6. Verify the Sample JSON data in Console, using below command

cat /tmp/users.json

7. To work with Flume + Hive Integration

Follow the below steps

Follow this aritcle to work with below procedure.

Refer: http://kalyanbigdatatraining.blogspot.in/2016/10/how-to-work-with-acid-functionality-in.html

i. update '~/.bashrc' file with below changes

export HIVE_HOME=/home/orienit/work/apache-hive-1.2.1-bin
export PATH=$HIVE_HOME/bin:$PATH

export HCAT_HOME=$HIVE_HOME/hcatalog
export PATH=$HCAT_HOME/bin:$PATH

ii. reopen the Terminal

iii. start the hive using 'hive' command.

iv. list out all the databases in hive using 'show databases;' command

v. create a new database (kalyan) in hive using below command.

create database if not exists kalyan;

vi. use kalyan database using 'use kalyan;' command

vii. list out all the tables in kalyan database using 'show tables;' command.

viii. create 'users2' table in kalyan database using below command.
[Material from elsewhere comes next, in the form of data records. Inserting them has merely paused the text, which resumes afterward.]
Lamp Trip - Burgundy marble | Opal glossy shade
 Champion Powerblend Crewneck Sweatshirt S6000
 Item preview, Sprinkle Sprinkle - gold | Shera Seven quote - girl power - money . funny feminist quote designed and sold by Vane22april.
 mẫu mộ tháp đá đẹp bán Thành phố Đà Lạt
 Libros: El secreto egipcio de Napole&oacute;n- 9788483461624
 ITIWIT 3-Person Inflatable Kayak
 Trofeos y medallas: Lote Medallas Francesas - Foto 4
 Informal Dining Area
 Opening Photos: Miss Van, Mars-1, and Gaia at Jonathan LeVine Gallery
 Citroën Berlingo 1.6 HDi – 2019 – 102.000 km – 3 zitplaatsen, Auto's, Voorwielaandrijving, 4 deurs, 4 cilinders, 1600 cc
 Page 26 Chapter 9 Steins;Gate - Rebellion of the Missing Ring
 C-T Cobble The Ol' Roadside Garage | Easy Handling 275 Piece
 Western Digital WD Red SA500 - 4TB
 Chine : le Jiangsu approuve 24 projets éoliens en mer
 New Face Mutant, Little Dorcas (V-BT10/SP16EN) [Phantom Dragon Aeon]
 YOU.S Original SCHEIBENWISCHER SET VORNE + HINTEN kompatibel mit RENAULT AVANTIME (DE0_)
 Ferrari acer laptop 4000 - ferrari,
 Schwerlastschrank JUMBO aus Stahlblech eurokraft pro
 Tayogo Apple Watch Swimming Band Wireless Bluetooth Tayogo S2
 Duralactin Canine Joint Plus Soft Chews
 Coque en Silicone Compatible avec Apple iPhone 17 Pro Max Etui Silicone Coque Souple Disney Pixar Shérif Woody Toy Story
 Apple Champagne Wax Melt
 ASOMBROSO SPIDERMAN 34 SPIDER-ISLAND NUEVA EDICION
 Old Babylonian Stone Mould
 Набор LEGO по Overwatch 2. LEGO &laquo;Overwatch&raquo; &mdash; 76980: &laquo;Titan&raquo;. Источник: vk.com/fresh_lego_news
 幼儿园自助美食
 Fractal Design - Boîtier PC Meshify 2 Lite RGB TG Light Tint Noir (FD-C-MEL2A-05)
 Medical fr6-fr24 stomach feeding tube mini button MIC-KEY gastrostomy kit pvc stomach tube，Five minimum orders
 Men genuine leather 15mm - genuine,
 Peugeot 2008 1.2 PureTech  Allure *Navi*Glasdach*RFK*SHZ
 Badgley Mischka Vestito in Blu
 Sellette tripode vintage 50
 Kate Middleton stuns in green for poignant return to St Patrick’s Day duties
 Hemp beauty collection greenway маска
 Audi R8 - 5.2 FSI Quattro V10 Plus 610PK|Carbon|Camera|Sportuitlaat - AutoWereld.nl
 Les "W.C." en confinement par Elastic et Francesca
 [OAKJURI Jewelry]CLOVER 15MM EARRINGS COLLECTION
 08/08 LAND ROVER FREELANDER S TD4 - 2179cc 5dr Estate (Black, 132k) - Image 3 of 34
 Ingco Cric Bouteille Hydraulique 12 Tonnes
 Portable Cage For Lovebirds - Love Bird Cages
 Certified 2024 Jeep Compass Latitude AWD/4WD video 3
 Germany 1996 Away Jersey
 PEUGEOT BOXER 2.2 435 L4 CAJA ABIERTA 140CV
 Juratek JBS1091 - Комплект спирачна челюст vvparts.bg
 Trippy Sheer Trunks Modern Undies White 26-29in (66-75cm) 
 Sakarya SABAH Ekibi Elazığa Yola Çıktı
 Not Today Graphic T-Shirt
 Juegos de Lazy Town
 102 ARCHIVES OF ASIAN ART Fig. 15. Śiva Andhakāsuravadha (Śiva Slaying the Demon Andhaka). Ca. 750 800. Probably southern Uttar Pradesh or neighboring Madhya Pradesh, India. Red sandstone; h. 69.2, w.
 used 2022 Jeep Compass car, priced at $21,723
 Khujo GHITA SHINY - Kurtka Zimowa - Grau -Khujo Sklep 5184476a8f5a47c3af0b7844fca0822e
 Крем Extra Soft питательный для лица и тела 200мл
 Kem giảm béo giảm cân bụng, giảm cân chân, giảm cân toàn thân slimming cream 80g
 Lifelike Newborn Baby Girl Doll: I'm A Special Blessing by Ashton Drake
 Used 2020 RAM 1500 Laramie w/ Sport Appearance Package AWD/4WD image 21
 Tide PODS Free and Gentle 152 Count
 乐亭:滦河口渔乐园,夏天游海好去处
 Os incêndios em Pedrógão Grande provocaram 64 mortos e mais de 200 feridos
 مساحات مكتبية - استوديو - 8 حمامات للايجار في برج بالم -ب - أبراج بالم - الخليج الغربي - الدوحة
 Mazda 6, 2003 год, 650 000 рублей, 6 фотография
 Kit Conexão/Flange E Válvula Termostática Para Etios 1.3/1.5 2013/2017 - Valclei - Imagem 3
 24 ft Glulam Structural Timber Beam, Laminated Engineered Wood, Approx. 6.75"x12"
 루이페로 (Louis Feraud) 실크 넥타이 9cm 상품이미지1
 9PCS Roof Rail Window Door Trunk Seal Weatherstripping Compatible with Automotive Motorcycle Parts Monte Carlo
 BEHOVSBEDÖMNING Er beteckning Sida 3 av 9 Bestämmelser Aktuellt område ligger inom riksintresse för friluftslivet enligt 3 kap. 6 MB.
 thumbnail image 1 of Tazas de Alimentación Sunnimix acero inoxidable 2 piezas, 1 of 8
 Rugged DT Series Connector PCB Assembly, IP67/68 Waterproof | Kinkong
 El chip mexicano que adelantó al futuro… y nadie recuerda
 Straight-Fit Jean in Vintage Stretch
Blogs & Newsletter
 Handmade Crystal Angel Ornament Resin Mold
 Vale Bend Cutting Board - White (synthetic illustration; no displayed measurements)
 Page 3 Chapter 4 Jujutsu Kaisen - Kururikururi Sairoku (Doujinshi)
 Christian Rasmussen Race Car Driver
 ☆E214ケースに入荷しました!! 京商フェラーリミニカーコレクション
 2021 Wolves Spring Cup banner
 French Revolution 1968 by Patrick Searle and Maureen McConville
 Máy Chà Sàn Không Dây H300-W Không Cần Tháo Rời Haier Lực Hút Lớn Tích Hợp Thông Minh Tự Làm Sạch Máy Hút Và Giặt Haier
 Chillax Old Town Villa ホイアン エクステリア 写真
CREATE TABLE IF NOT EXISTS kalyan.users2 (
userid BIGINT,
username STRING,
password STRING,
email STRING,
country STRING,
state STRING,
city STRING,
dt STRING
)
clustered by (userid) into 5 buckets stored as orc;

ix. Display the data from 'users2' table using below command

select * from users2;

x. start the hive in external metastore db mode using below command

hive --service metastore

8. Execute the below command to `Extract data from JSON data into Hive using Flume`

$FLUME_HOME/bin/flume-ng agent -n agent --conf $FLUME_HOME/conf -f $FLUME_HOME/conf/kalyan-json-hive-agent.conf -Dflume.root.logger=DEBUG,console

9. Verify the data in console

10. Verify the data in Hive

Execute below command to get the data from hive table 'users2'

select * from users2;

How To Stream CSV Data Into Hive Using Apache Flume

Pre-Requisites of Flume + Hive Project:

hadoop-2.6.0
flume-1.6.0
hive-1.2.1
java-1.7

NOTE: Make sure that install all the above components

Flume + Hive Project Download Links:

`hadoop-2.6.0.tar.gz` ==> link
`apache-flume-1.6.0-bin.tar.gz` ==> link
`apache-hive-1.2.1-src.tar.gz` ==> link
`kalyan-csv-hive-agent.conf` ==> link
`bigdata-examples-0.0.1-SNAPSHOT-dependency-jars.jar` ==> link

-----------------------------------------------------------------------------

1. create "kalyan-csv-hive-agent.conf" file with below content

agent.sources = EXEC
agent.sinks = HIVE
agent.channels = MemChannel

agent.sources.EXEC.type = exec
agent.sources.EXEC.command = tail -F /tmp/users.csv
agent.sources.EXEC.channels = MemChannel

agent.sinks.HIVE.type = hive
agent.sinks.HIVE.hive.metastore = thrift://localhost:9083
agent.sinks.HIVE.hive.database = kalyan
agent.sinks.HIVE.hive.table = users1
agent.sinks.HIVE.serializer = DELIMITED
agent.sinks.HIVE.serializer.delimiter = ","
agent.sinks.HIVE.serializer.fieldnames=userid,username,password,email,country,state,city,dt
agent.sinks.HIVE.channel = MemChannel

agent.channels.MemChannel.type = memory
agent.channels.MemChannel.capacity = 1000
agent.channels.MemChannel.transactionCapacity = 100

2. Copy "kalyan-csv-hive-agent.conf" file into "$FUME_HOME/conf" folder

3. Copy "bigdata-examples-0.0.1-SNAPSHOT-dependency-jars.jar" file into "$FLUME_HOME/lib" folder

4. Generate Large Amount of Sample CSV data follow this article.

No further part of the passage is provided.